It has been published by Rachit Garg.

Introduction

Wager in simple terms is to gamble. In a wager, two parties are involved, both of them promising to pay a fixed amount on the happening of an uncertain event in the future. The most essential ingredient is that both parties have an equal opportunity to win or lose. Here, parties enter into a contract only for the sole purpose of gaining or losing and do not have any vested interest in the event itself. Hence, wagering contracts can be regarded as betting or gambling contracts. Such contracts are void and unenforceable in courts of law. This article presents an overview of wagering contracts under Indian law.

Wagering contracts in India

Section 30 of The Indian Contract Act, 1872 deals with wagering contracts, and states that “Agreements by way of wager are void, and no suit shall be brought for recovering anything alleged to be won on any wager, or entrusted to any person to abide by the result of any game or other uncertain event on which any wager is made.” Thus, the only aspect which Section 30 covers is the voidability of wagering contracts. It does not cover the definition or the essential elements of a wager.

In the landmark judgment of Carlill vs Carbolic Smoke Ball Company, the Court observed that a wagering contract is a contract where two persons hold opposite views regarding a future uncertain event. There is a mutual agreement between the parties that is dependent on the determination of the uncertain event. The agreement stipulates that one shall pay the other a sum of money or other stakes. There is no real consideration in the contract and both parties are interested only in the sum or stake they are going to gain or lose. It is essential in a wagering contract that both parties either win or lose and winning or losing depends on the happening of the event.
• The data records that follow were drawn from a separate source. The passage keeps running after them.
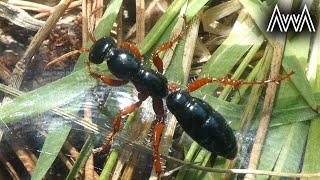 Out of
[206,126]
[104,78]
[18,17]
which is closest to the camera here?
[206,126]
To explain the concept of a wagering contract by way of an illustration, let’s say there is an agreement between Mr A and Mr B in a cricket match that if Team Yellow wins against Team Red, Mr A will pay Rs. 5000, and on the other hand if Team Red wins against Team Yellow, Mr B will pay Rs. 5000. Such an agreement amounts to a wager as neither Mr. A nor Mr. B has any other vested interest in the outcome of the match, apart from the agreed-upon bet.

Essentials of wagering contracts

Uncertainty of event

The first essential of a wagering contract is that the happening of an event must be uncertain, and the parties must be unaware as to when the event would occur. A wager mostly is related to a future event, but it may be a past event too. It only requires that the parties are unaware of its result or when the event has taken place.

For instance, X agrees to pay Y a sum of Rs.1000 if it snows on Saturday and Y agrees to pay a sum of Rs.1000 if it does not snow on Saturday. Here, it is uncertain that it would snow on a particular day, for which the parties have agreed to pay a certain sum of money. Such an agreement is a wagering agreement and is null and void.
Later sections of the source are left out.